Tested-by: Ivan Vecera <ivecera@redhat.com>
Jakub Kicinski Dec. 2, 2020, 5:53 p.m. UTC | #2
On Wed,  2 Dec 2020 12:30:53 -0500 Jarod Wilson wrote:
> +	if (bond->dev->reg_state != NETREG_REGISTERED)
> +		goto noreg;
> +
>  	if (newval->value == BOND_MODE_ACTIVEBACKUP)
>  		bond->dev->wanted_features |= BOND_XFRM_FEATURES;
>  	else
>  		bond->dev->wanted_features &= ~BOND_XFRM_FEATURES;
> -	netdev_change_features(bond->dev);
> +	netdev_update_features(bond->dev);
> +noreg:

Why the goto?
Jay Vosburgh Dec. 2, 2020, 5:55 p.m. UTC | #3
Jarod Wilson <jarod@redhat.com> wrote:

>Don't try to adjust XFRM support flags if the bond device isn't yet
>registered. Bad things can currently happen when netdev_change_features()
>is called without having wanted_features fully filled in yet.
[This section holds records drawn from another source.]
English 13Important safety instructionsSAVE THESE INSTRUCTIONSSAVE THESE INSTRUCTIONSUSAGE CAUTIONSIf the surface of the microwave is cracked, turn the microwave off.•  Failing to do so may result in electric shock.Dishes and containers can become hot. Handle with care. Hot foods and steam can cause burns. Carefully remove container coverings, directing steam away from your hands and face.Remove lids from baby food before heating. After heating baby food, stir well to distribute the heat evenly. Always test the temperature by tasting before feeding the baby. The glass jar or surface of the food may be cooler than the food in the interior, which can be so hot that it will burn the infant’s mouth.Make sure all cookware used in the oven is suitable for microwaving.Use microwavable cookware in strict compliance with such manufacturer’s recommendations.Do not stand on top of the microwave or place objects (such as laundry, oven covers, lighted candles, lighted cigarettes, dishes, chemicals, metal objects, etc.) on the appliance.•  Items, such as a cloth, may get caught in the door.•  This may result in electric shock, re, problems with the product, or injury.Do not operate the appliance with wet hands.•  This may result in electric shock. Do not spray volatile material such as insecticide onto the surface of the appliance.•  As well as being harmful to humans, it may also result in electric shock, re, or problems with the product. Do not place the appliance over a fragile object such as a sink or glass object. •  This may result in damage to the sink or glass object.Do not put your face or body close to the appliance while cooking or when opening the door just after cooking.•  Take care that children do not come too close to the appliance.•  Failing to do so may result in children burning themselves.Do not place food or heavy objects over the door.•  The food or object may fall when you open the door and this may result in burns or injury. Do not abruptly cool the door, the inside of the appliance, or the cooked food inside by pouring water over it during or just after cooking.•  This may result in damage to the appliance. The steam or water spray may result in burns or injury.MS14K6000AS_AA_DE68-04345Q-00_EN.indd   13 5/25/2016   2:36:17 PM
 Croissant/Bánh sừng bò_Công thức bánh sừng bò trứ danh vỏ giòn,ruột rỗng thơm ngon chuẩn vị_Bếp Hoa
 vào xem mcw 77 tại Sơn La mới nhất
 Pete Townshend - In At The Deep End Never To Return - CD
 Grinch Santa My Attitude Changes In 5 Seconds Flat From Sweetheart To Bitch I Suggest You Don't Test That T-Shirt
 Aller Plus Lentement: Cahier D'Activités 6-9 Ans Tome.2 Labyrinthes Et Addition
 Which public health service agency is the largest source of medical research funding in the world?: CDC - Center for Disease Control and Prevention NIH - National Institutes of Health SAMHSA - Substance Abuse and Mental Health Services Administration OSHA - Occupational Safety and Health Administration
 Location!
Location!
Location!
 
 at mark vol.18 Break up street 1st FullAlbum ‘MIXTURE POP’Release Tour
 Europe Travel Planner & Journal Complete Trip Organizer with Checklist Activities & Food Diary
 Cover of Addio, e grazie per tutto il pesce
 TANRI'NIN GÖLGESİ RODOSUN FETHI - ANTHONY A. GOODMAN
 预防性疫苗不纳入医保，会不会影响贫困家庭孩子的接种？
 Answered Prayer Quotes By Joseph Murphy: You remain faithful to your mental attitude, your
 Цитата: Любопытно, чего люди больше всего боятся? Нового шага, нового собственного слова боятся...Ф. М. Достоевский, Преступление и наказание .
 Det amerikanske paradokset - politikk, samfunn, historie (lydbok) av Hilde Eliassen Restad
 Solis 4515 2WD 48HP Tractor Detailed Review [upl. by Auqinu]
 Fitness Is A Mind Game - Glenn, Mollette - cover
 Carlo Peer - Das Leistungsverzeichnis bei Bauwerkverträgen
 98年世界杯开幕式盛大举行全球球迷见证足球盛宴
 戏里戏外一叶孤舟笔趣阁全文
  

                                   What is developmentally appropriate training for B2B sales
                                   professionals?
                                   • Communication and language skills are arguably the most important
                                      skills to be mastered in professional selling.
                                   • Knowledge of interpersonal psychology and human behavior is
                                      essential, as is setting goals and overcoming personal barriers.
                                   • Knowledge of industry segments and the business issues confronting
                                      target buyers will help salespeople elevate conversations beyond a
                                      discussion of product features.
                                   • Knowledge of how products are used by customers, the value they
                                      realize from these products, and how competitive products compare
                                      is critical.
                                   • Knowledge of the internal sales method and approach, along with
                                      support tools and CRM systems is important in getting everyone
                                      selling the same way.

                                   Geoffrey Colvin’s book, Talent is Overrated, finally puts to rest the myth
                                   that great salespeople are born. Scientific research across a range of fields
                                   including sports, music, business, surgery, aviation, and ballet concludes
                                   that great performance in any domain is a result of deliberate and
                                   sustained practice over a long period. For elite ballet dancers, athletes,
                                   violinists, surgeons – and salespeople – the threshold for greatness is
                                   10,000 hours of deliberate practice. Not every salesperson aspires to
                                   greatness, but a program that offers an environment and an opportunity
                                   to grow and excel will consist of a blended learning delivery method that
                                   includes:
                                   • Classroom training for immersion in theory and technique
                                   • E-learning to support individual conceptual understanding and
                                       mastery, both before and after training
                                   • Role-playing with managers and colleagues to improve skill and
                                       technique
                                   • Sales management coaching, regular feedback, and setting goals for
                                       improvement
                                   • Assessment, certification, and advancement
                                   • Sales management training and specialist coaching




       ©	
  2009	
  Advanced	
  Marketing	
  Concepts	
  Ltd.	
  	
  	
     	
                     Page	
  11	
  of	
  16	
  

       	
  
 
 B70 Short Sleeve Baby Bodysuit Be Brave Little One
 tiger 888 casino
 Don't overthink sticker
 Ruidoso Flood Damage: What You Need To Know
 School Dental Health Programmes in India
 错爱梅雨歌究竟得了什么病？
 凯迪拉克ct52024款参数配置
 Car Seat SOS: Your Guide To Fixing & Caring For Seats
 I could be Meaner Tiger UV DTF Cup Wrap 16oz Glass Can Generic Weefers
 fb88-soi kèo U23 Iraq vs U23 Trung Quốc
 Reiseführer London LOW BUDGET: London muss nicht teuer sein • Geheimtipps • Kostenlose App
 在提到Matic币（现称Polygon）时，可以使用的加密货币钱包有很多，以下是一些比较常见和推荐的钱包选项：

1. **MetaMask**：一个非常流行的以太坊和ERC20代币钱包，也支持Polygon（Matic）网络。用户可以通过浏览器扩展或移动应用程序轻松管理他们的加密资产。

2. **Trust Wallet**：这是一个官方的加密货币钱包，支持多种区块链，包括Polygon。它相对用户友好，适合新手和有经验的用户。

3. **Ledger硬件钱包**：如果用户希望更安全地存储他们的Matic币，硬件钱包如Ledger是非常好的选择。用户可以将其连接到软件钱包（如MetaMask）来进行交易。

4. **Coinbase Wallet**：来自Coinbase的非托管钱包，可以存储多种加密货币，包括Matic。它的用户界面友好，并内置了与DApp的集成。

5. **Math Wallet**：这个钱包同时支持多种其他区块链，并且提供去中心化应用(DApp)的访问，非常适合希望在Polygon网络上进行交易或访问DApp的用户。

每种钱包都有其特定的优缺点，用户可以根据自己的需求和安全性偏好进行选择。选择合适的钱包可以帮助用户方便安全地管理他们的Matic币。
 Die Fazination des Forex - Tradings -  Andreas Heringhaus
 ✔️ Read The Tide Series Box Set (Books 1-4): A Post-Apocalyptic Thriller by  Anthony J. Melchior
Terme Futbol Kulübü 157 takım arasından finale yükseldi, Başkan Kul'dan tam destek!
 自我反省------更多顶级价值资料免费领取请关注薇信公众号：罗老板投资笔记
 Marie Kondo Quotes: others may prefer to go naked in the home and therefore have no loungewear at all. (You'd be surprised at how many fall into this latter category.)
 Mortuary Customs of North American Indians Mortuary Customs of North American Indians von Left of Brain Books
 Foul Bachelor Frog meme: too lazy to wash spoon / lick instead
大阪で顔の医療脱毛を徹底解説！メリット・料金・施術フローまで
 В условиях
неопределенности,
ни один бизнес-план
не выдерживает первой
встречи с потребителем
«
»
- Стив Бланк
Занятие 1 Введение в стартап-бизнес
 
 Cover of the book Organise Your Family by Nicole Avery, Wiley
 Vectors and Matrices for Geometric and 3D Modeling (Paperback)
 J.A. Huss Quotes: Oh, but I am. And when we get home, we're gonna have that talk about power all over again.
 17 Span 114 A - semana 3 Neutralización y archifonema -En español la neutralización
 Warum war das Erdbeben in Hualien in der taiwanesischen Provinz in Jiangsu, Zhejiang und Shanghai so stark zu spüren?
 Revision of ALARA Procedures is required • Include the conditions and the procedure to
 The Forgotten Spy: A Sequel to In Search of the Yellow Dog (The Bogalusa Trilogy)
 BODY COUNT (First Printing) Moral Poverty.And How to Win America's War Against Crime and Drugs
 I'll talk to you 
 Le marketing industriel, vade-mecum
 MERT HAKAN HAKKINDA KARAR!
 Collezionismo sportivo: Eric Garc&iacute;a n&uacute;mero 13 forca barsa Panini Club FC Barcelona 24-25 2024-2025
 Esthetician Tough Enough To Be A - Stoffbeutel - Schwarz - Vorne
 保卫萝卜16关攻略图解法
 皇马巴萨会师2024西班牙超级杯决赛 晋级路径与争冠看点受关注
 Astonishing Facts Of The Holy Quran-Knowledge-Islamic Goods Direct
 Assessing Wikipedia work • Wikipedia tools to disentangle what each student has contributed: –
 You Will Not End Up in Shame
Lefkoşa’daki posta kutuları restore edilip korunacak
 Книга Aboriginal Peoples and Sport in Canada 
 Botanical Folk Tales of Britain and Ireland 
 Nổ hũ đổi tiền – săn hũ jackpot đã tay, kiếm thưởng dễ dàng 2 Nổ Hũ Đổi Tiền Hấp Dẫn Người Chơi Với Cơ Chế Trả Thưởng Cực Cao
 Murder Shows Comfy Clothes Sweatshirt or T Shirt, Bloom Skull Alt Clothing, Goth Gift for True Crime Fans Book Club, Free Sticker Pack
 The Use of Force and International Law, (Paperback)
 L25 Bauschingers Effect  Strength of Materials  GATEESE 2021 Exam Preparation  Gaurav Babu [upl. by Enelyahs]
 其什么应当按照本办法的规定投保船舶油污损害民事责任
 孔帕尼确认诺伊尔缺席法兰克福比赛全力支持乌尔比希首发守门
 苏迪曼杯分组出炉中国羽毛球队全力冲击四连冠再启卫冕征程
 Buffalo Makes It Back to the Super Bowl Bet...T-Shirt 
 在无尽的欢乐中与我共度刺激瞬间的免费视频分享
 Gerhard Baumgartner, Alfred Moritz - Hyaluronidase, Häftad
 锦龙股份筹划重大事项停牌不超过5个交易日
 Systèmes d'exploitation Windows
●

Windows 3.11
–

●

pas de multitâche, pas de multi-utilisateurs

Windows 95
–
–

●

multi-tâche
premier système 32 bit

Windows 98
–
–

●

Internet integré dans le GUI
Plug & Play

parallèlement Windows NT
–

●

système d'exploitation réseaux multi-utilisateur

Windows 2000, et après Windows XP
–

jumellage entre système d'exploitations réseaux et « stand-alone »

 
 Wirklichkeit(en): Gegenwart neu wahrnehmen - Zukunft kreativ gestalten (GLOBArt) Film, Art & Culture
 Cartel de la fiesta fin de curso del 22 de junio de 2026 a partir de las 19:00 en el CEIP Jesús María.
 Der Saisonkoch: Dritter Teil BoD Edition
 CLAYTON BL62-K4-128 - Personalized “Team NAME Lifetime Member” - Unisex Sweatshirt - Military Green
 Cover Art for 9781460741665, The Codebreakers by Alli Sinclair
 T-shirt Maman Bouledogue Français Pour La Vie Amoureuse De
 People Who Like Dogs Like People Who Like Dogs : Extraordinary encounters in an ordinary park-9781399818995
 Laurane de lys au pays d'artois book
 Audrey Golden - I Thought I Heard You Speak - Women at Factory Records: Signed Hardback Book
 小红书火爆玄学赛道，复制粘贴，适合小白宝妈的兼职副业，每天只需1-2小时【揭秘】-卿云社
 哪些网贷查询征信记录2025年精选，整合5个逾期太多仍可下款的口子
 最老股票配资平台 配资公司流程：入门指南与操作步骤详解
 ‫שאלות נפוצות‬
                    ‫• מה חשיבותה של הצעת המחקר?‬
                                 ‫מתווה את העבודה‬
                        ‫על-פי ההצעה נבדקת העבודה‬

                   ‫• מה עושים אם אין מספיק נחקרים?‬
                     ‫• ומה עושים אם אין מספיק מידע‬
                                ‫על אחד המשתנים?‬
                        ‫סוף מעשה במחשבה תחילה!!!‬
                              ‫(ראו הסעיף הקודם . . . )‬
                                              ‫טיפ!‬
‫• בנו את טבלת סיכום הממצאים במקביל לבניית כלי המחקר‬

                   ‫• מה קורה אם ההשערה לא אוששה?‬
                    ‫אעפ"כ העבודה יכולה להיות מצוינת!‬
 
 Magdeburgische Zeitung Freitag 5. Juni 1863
Basically,
>this code was racing against register_netdevice() filling in
>wanted_features, and when it got there first, the empty wanted_features
>led to features also getting emptied out, which was definitely not the
>intended behavior, so prevent that from happening.

	Is this an actual race?  Reading Ivan's prior message, it sounds
like it's an ordering problem (in that bond_newlink calls
register_netdevice after bond_changelink).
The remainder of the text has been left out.